Em 2008, no Rock in Rio Lisboa, Amy foi um fracasso e quase não
conseguiu cantar. Em 2009, faltou ao show dos 50 anos da sua gravadora
(Island) e foi processada por armar um barraco, aos palavrões, na
apresentação da peça infantil Cinderella, em Londres.
Ano passado, numa canja no show do cantor brasileiro Rodrigo
Lampreia, num pub de Londres, Amy cantou uma versão de “Garota de
Ipanema” tão “desconstruída” que ficou no limite entre o lixo e a
obra-prima.
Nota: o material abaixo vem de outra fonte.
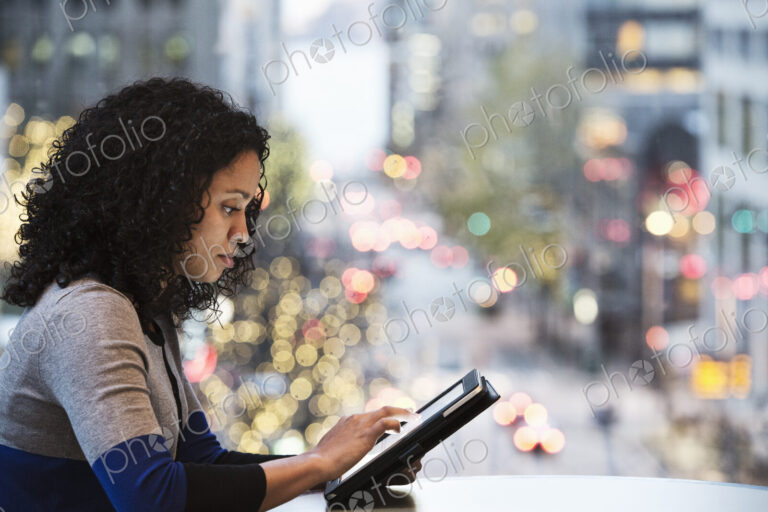 Businesswoman working on a notebook computer by a window with a city view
Os olhos e ouvidos do mundo estão voltados para o espetáculo
desta noite em Florianópolis, decisivo para a carreira de Amy Winehouse
– ou ela dá a volta por cima, ou sua carreira acabou.
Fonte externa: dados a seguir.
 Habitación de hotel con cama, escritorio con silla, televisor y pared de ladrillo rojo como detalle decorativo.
Bicicleta e pilates à parte, Amy garantiu para os camarins de seus
shows um bem municiado arsenal etílico: vinhos e champanhes franceses,
cervejas mexicanas e vodca russa, sua bebida preferida. E, ainda, mel e
gengibre para calibrar a voz e, por toda parte onde passar, até mesmo
dentro dos carros blindados, balinhas Haribo (aqueles ursinhos coloridos
de gelatina importados da Alemanha).
Há poucos dias, o tabloide inglês The Sun revelou a descoberta, numa
lata de lixo, de um caderno da cantora, espécie de diário do ano de
2001. Neste insólito achado – que poderia não passar de um factoide ou
hype promocional – o item mais curioso é a página “Quando eu assinar
contrato com uma gravadora”, que enumera seus desejos: “Comprar um
apartamento em Londres. Comprar um carro. Matricular-me numa academia. E
viver como a verdadeira estrela (bombshell) que sou”.
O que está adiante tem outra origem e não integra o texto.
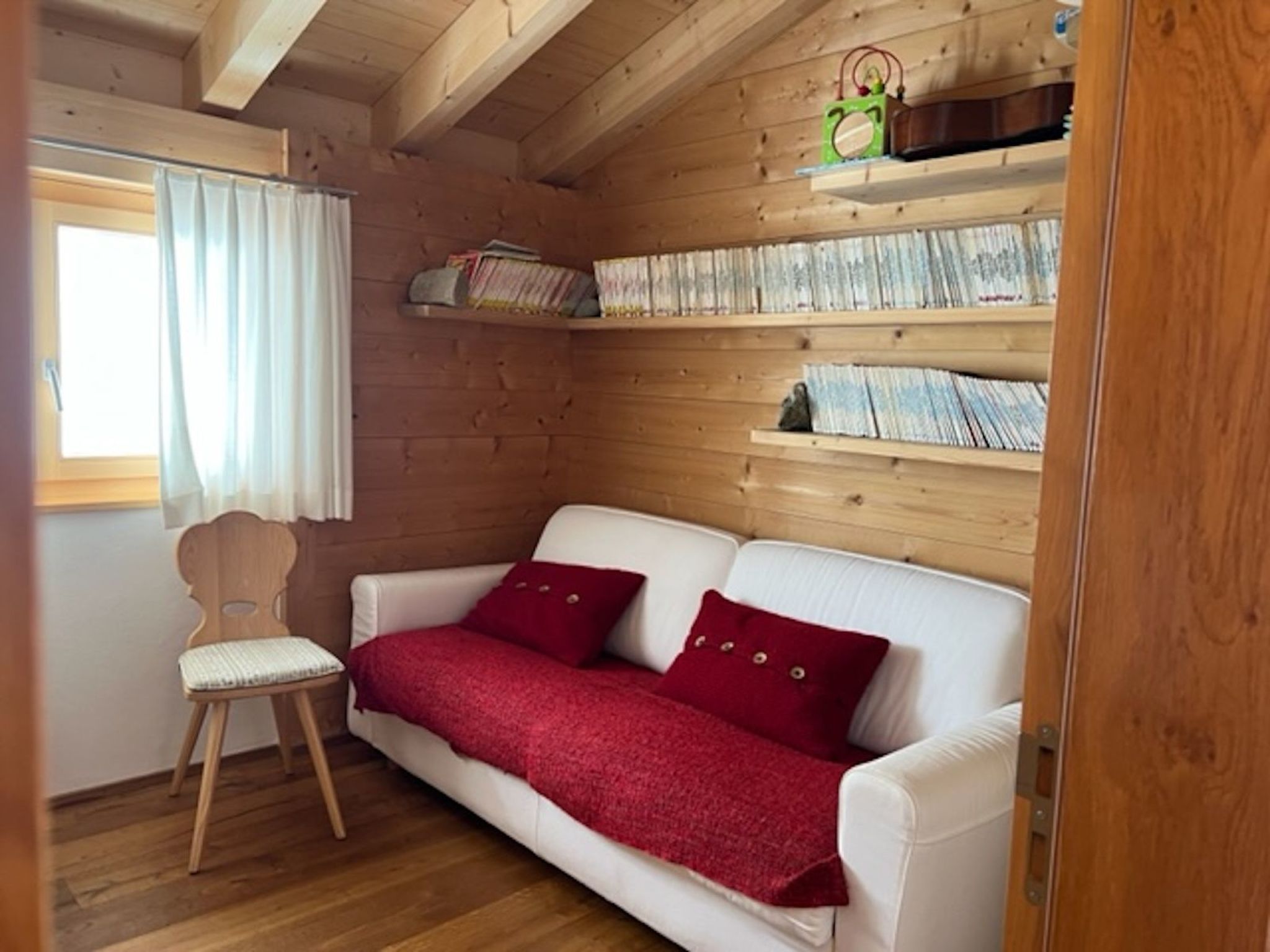 A cozy room with a white sofa, red cushions, a wooden chair, and a bookshelf with books.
Não demorou muito para que esses – e muitos outros – desejos de Amy
se realizassem. Seu primeiro CD, Frank (2003), foi sucesso de crítica,
embora Amy o abominasse, alegando que não teve controle sobre o produto
final. Já o segundo CD, Back to Black (2006), produzido por Mark Ronson,
correspondeu ao que ela queria e foi um estouro: já vendeu 32 milhões
de cópias.
Filha de um taxista e de uma farmacêutica, judeus não-praticantes,
Amy Jade Winehouse cresceu na periferia norte de Londres. O pai gostava
de jazz e Sinatra (daí o Frank no título do primeiro CD), a avó foi
namorada do jazzista inglês Ronnie Scott; ela ouviu as divas Ella,
Billie, Sarah, mas se fixou no timbre metálico de Dinah Washington, de
quem faria covers perfeitas (“There Is No Greater Love”, “Teach Me
Tonight” e “Someone to Watch Over Me”).
Aos 9 anos foi estudar canto e teatro, mas, apesar de esbanjar
talento, a escola a expulsou por indisciplina. Aos 13, ganhou a primeira
guitarra e formou um duo, Sweet and Sour (ela era a amarga, claro). Um
namorado mandou uma fita demo que abriu o caminho para Amy entre agentes
e gravadoras, até assinar com a Island.
Sofreu um trauma de adolescência ao saber que o pai tinha outra
mulher, a dissolução da família provocou as primeiras mutilações,
pequenos cortes a faca. Desde cedo, a música e os sentimentos pessoais
caminharam juntos. Além de intérprete, Amy começou a compor canções,
exorcizando através delas todos os seus males.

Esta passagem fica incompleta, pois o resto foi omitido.